His partner is inside with the woman and there’s a lot of harassed female body language going on. I speak that language and it doesn’t look like a good conversation. I hop out and hurry to catch up with Sergeant McManus.
‘Can I talk to her?’ I nearly grab his sleeve. This is my chance to make unmarryme work with a stranger, so I better settle down. ‘I need to explain myself.’
‘Yes and that.’
The woman has straight, blonde, shiny hair and her make-up and fingernails look as if they’ve been done by a professional. Her jewellery is tasteful; she is way classier than I was at her age. And she’s not so afraid when she has three men—one attendant and two policemen—on her side.
‘What the hell is wrong with you?’ She’s standing with a hand on her hip, like Peta does, and I wonder if they’re both in some club, the one that won’t accept me as a member.
‘I’m sorry,’ I say. ‘I’m really sorry. I was excited to see my sticker on your car. It’s the first one I’ve seen other than the ones my friends and family have.’ Nobody has told her that leggings are not pants but now is not the time.
‘So you stalk me?’
‘It wasn’t stalking, I just wanted to see what type of person has an unmarryme sticker on their car.’
‘And what type of person am I?’ She tosses her head.
Sergeant McManus wants this finished.
‘Do you feel the need to take this further?’ he says to the woman. ‘It looks to me like a simple misunderstanding. A classic case of determination meets stupidity. Wouldn’t you say so, Ms Wheeler?’
Humble pie tastes so good that I often go back for more. I face the woman. She’s about BJ’s age, twenty-five. I hope she’s not as tough as BJ. I have a brainwave. ‘Would you accept two tickets to Springsteen as an apology?’ I fish them out of my purse and hold them up. Peta is going to kill me.
‘Really?’ The woman’s cheeks turn rosy. ‘Do you mean it?’
I would have thought she was too young for The Boss but maybe she’s going to give them to her mum. I guess there’ll be other Springsteen concerts. It’ll teach me to keep my mouth shut when I buy Peta her birthday presents. And it’ll teach me not to stalk people.
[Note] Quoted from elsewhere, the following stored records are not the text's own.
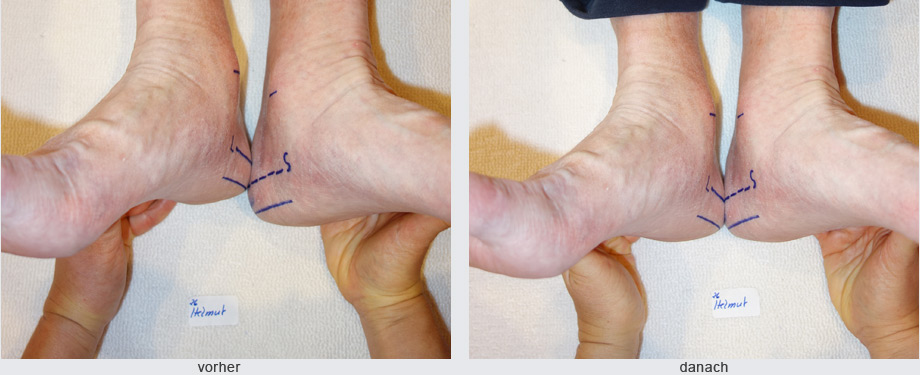 Geistig energetische Begradigung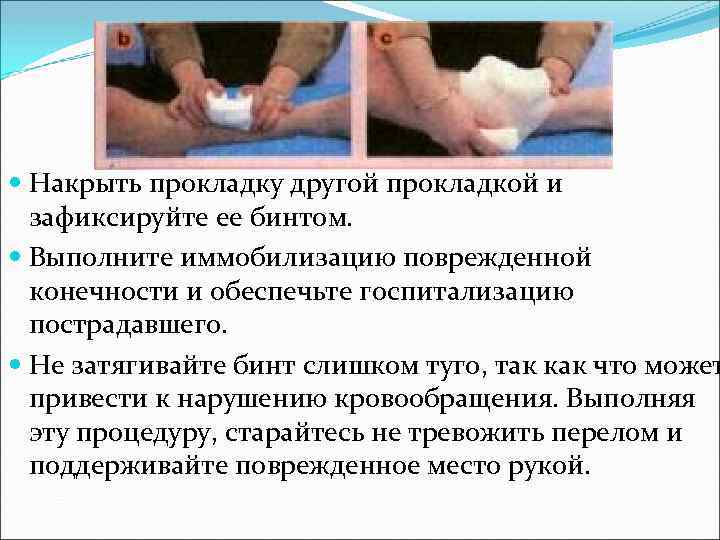  Накрыть прокладку другой прокладкой и зафиксируйте ее бинтом. Выполните иммобилизацию поврежденной конечности и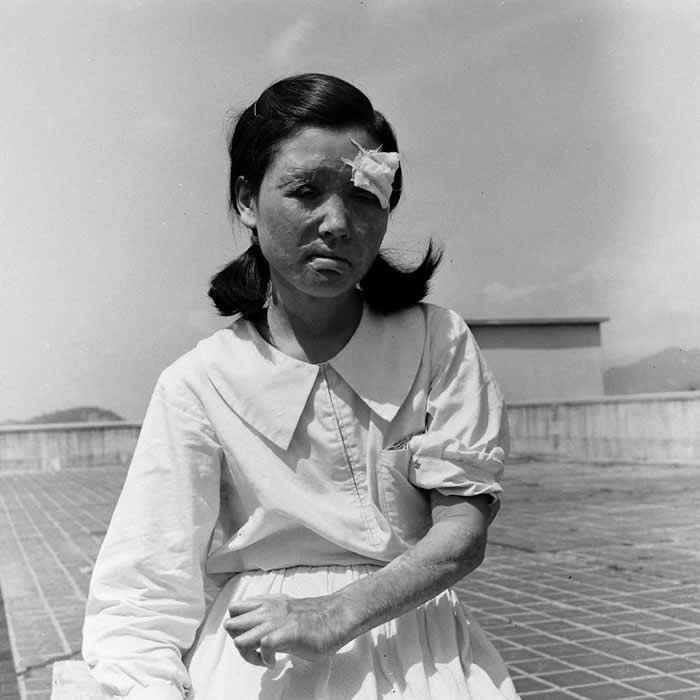 History Uncovered: 40 Powerful Photos That Change How We See the Past 47 A survivor of the atomic bombing of Hiroshima photographed two years after the attack, Hiroshima, Japan, 1947.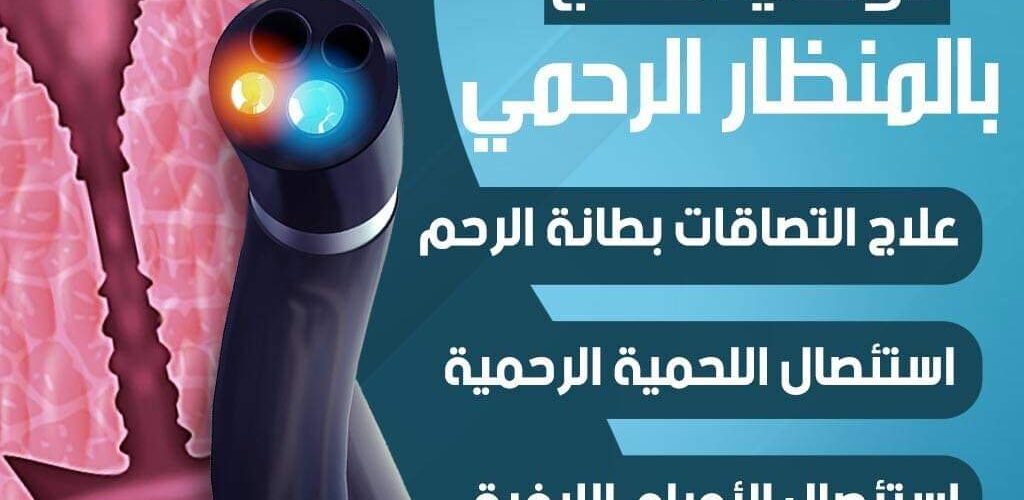 المنظار الرحمي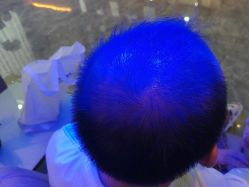 -碧莲盛·不剃发植发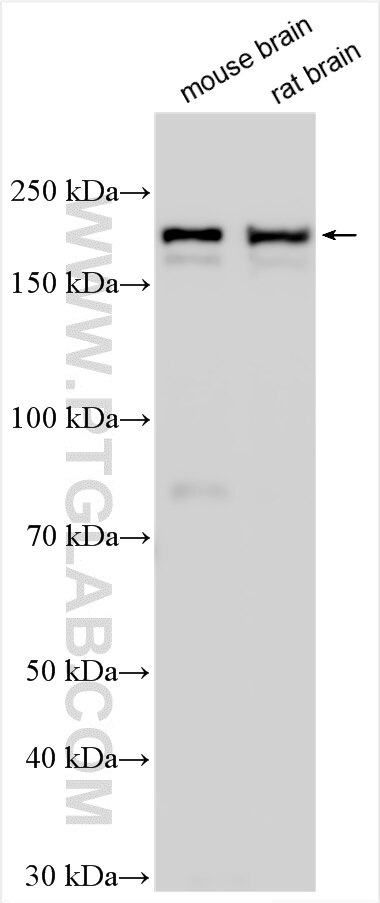Western Blot (WB) analysis of various lysates using SIPA1L1 Polyclonal antibody (25086-1-AP)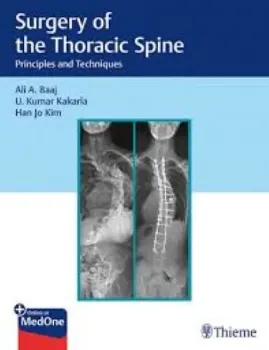 Imagem de Surgery of the Thoracic Spine: Principles and Techniques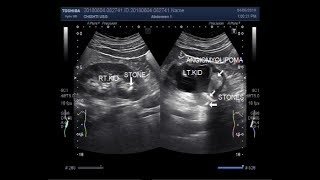 Ultrasound Video showing renal Angiomyolipoma with stones at PUJ [upl. by Yusem]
McManus wants to call it a night. ‘So, you’re okay?’
Bethany nods. ‘We’re fine. It was a misunderstanding.’
‘And you, Ms Wheeler, we’re done?’
Yep, McManus has bad guys to catch. ‘Yes, Sergeant. Sorry to see you again so soon.’
‘Me too, Ruby. You’re lucky it was us, other coppers might not be as indulgent. Let’s try to keep it to YouTube.’
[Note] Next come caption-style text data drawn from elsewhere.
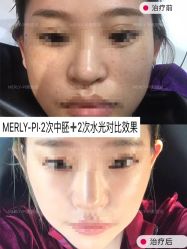 -MLP美丽派·问题肌疗愈中心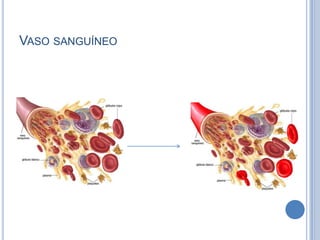 VASO SANGUÍNEO
 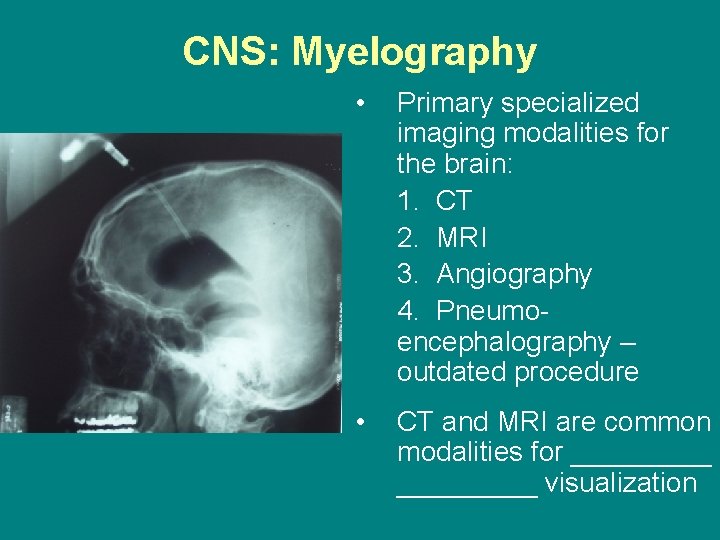 CNS: Myelography • Primary specialized imaging modalities for the brain: 1. CT 2. MRI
‘You’ve seen it.’ I don’t make that a question anymore.
The nightly phone call starts with controversy. ‘I just had a call from Declan McManus.’
Pretending I don’t know what Mark is talking about: ‘And how is he?’
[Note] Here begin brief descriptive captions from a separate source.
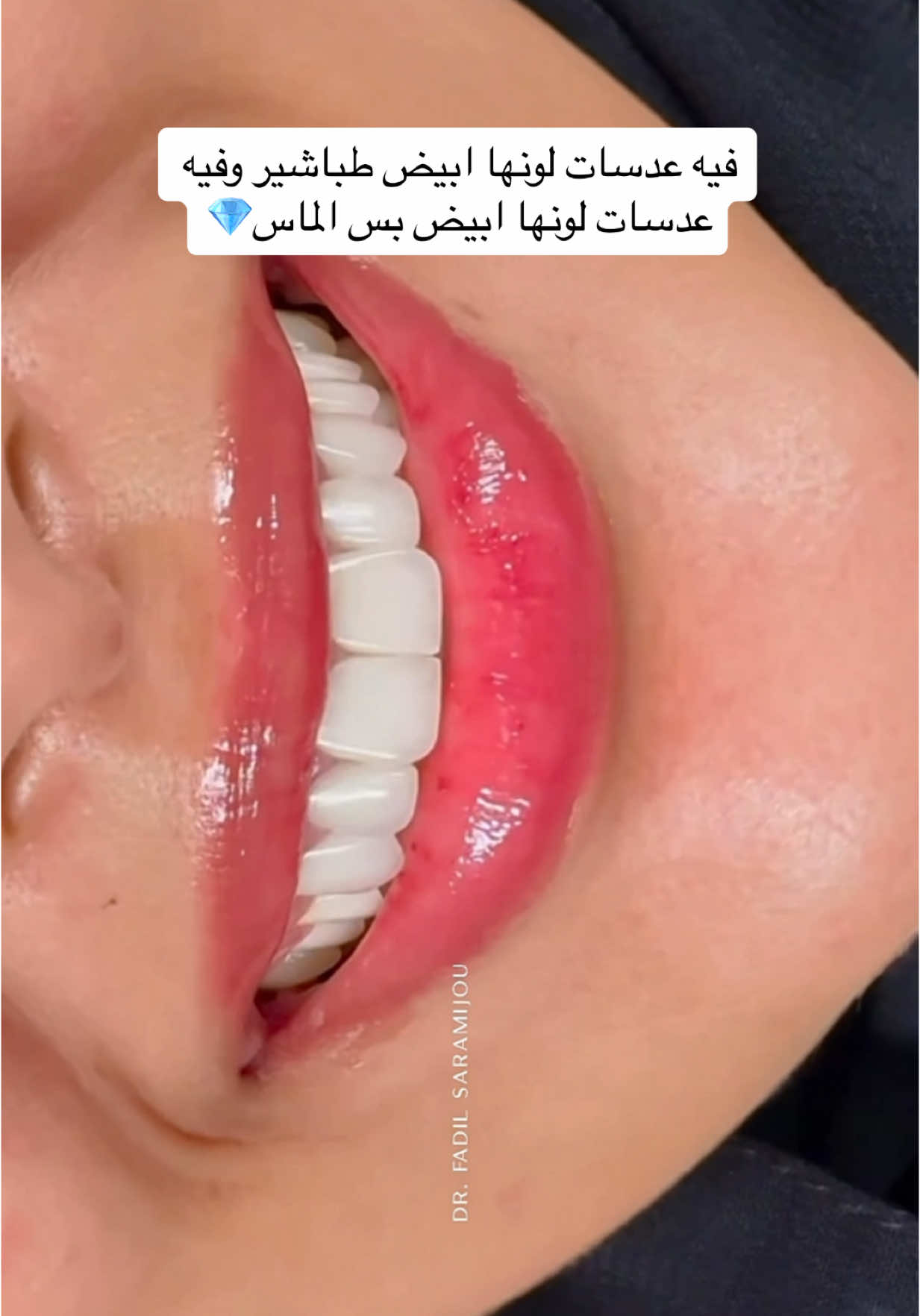 غيرنا العدسات والتركيبات القديمه وجملنا اللثه وعالجنا الاعصاب ودعمنا باوتاد وبس والله#الرياض_الان #tik_tok #السعودية #اكسبلورexplore #كافيهات #كافيهات_الرياض #ابتسامة #تجميل_الاسنان #رمضان #مترو 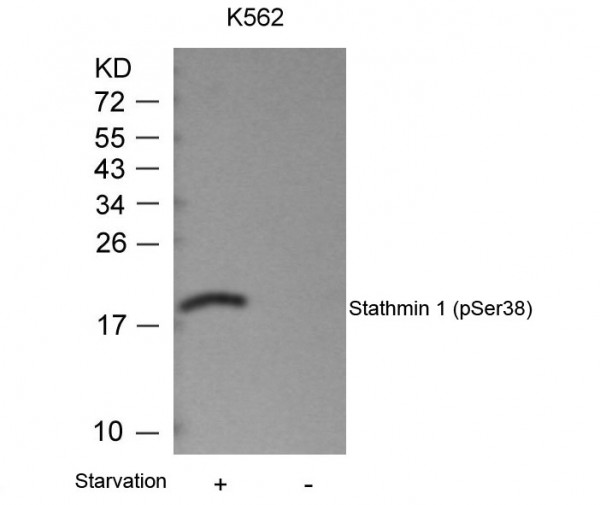 Anti-phospho-Stathmin 1 (Ser38)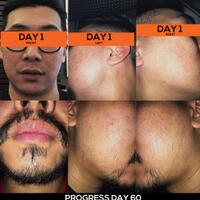 group-brewok-quotbrengozerquot-forum-resmi-berbagi-informasi-progress-hair-facial---part-1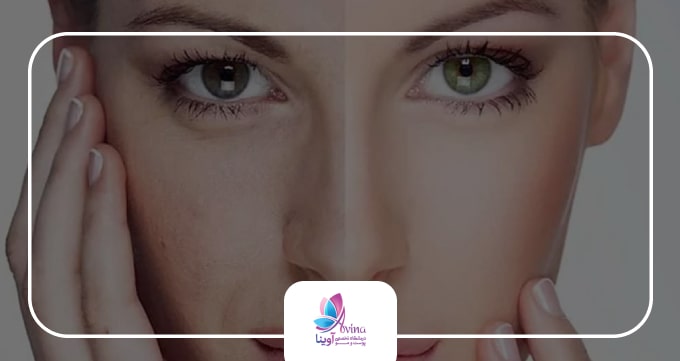 ۳. تزریق بوتاکس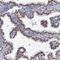 Chromosome 11 Open Reading Frame 96 antibody, PA5-58561, Invitrogen Antibodies, Immunohistochemistry frozen image 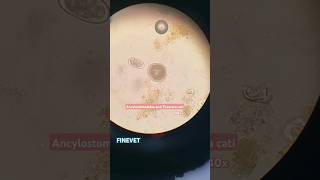 Ancylostomatidae and Toxocara cati hookworm roundworm cat microscope lab ancylostoma toxocara [upl. by Sayres]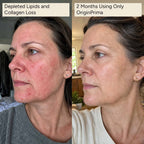Complete Skin Identical Inflammation System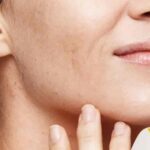 تزریق چربی به خط خنده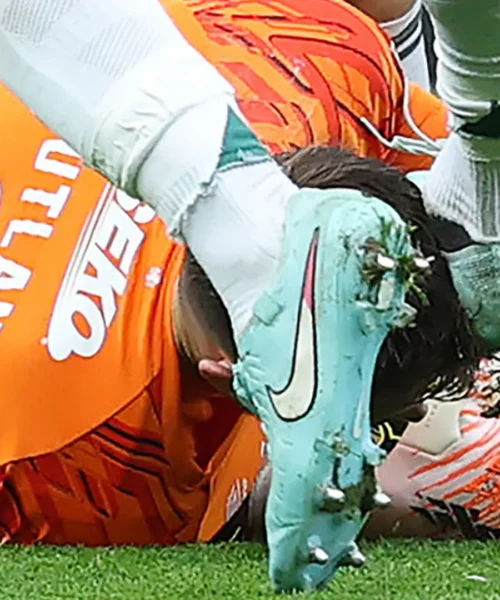 Violenta scarpata in testa, attimi di paura per il portiere. Le foto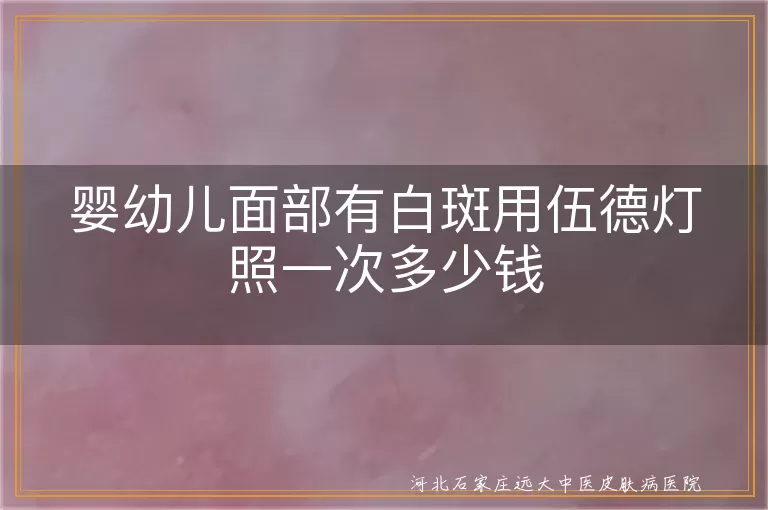 婴幼儿面部有白斑用伍德灯照一次多少钱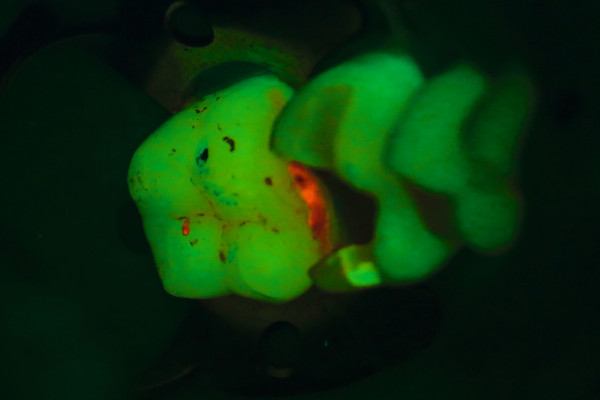 Microscopio dental EXTARO 300 Zeiss: Modo Fluorescence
‘Well, you tell me, since you saw him only a few hours ago.’
I pull the doona over my head. Yes, Mark can’t see me, but embarrassment still happens when you’re alone. ‘It was a misunderstanding.’ That’s what Bethany said.
‘You have a lot of misunderstandings.’
Two pillows under my head, one at my side, one on the floor by the door to stop spiders coming in—I’m comfortable now. Mark used to complain that the floor wasn’t the place for pillows. I said the bedroom isn’t the place for spiders, and the pillow stayed.
‘How’s things?’ I say. ‘I miss you. I miss Celeste. How is she?’
‘Celeste is great. I took her to the Fairy Tree the other day. It was way more magical when I was a kid. She liked it, though, as well as the little village.’
‘I love that village. I always want to shrink myself and swim in that tiny little creek. Maybe I can take her to the park this weekend. How’s work?’
‘Work’s good, busy. Getting a lot done.’
That’s about all he ever says about work. Maybe my face glazes over at the mention of constitutional law. I’ll have to train myself to be interested so I can get a better idea of what he does. Or maybe he’s deliberately light on about what he does because he’s a spy and he’s always off on secret missions to hotspots, like Canberra. Or maybe it is as boring as I think it is and he’s afraid I’ll go off him. Fat chance. I guess I don’t go into the particulars about my work, either.